Task: Output each record verbatim, with pictures left out.

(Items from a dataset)
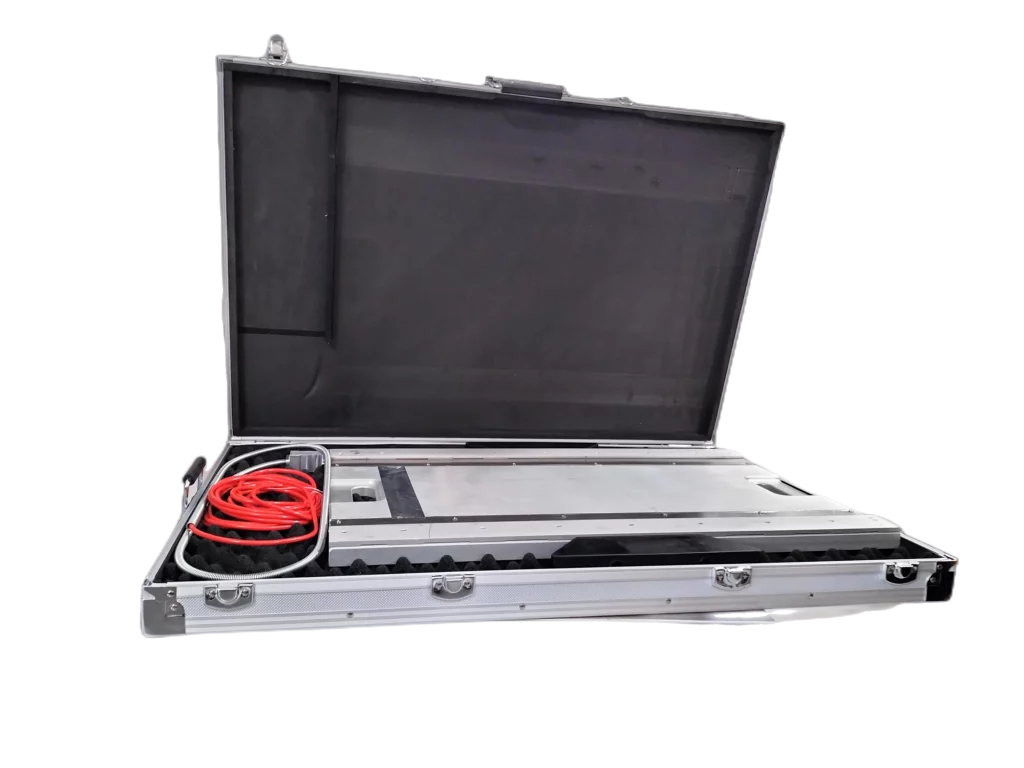 Portable Axle Load Scale7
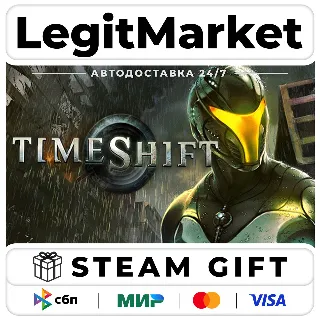 Купить Timeshift / Steam АВТО / РУ + МИР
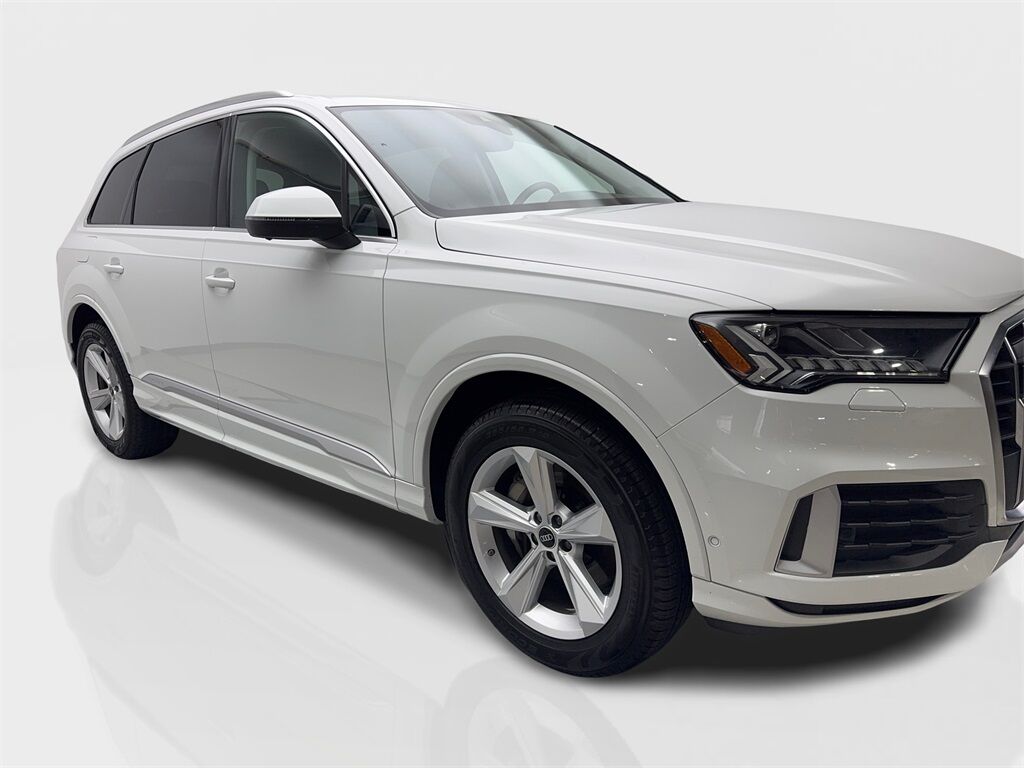 2024 Audi Q7 45 Premium Plus NAV,CAM,PANO,HTD STS,BLIND SPOT,3R Irving TX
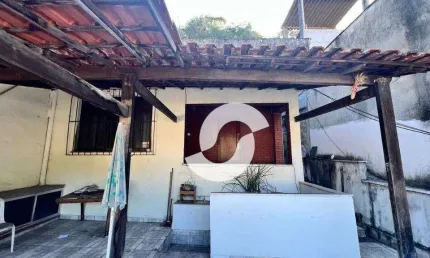 Casa com 3 dormitórios à venda, 90 m² por R$ 180.000,00 - Fonseca - Niterói/RJ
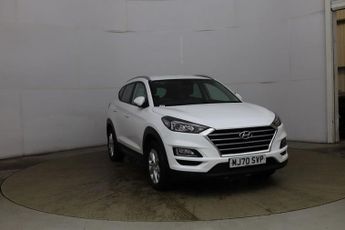 Hyundai Tucson 1.6 GDi SE Nav SUV 5dr Petrol Manual Euro 6 (s/s) (132 ps)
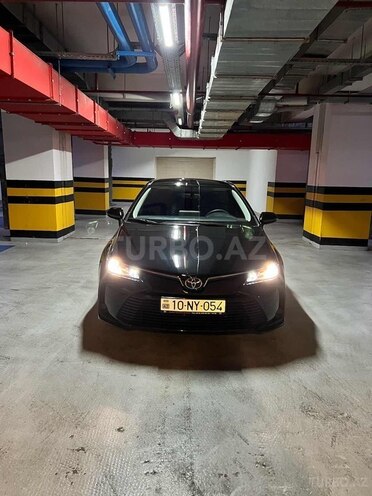 Toyota Corolla 2021, 17,000 km - 1.6 l - Bakı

Response to the task:
 Portable Axle Load Scale7
 Купить Timeshift / Steam АВТО / РУ + МИР
 2024 Audi Q7 45 Premium Plus NAV,CAM,PANO,HTD STS,BLIND SPOT,3R Irving TX
 Casa com 3 dormitórios à venda, 90 m² por R$ 180.000,00 - Fonseca - Niterói/RJ
 Hyundai Tucson 1.6 GDi SE Nav SUV 5dr Petrol Manual Euro 6 (s/s) (132 ps)
 Toyota Corolla 2021, 17,000 km - 1.6 l - Bakı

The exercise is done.